The legal drama revolving around Woo Young-woo, a genius but autistic rookie attorney at a top law firm, has captured the attention of viewers in South Korea and abroad.
Aired every Wednesday and Thursday on new cable channel ENA and Netflix, the series started out with a viewership rating of 0.9 percent on June 29. But the number surged to 13.1 percent for the eighth episode that aired on Thursday, the highest of all ongoing Wednesday-Thursday TV series in the country. The 16-part series also has topped the global streaming service's latest weekly viewership chart of non-English TV shows for the second consecutive week.
Moon Ji-won, the creator and writer of the series, also shared how she feels about the show's success.
"I have recently received phone calls from many people who hadn't been in contact," she said, smiling. "Whenever I see people having a kind of debate over the drama at coffee shops and people watching the show on a bus, I wonder, 'What the hell is going on?' I spend every day happily," she added.
Moon also shared how the adorable character of lawyer Woo Young-woo was created.
"One day three years ago, producers of Astory visited me and asked if I think it would be possible for Ji-woo in the film 'Innocent Witness' to become a lawyer when she grows up and whether it would be fun if such a story were made into a drama. I answered 'yes' and that I want to write one," she recalled.
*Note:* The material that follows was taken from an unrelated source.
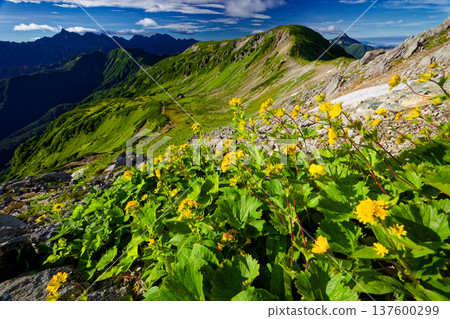 北阿爾卑斯山、三俁蓮華山、矢裡穗高山脈 137600299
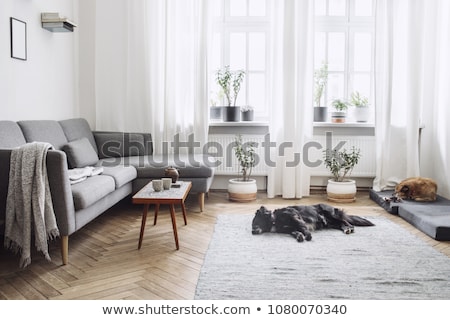 Stock photo: Blankets In Studio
Astory is the name of the drama's production company.
"Extraordinary Attorney Woo" then became the first drama written by Moon, after she wrote the script of "Innocent Witness," a film led by an autistic girl who is the only witness to the death of a man who either committed suicide or was murdered.
"Not all autistic people are like that, but their unique ways of thinking, eccentricity, strong sense of justice, straightforwardness, and extremely broad knowledge or memory about certain fields of their particular interest are some of the human characteristics that can be strengthened by autism," she said. "I thought these parts were attractive."
With a half of the total 16 episodes broadcast, Yoo said the latter half will be about Woo's growth as a good attorney.
"If I say the first half was about if Woo can become a lawyer, the second half would be about if she will be able to be a good one," the director said.
"People who work for Hanbada will also face concerns about their own lives, so please look forward to passionate performances by good actors," he added, referring to the name of the law firm where Woo belongs.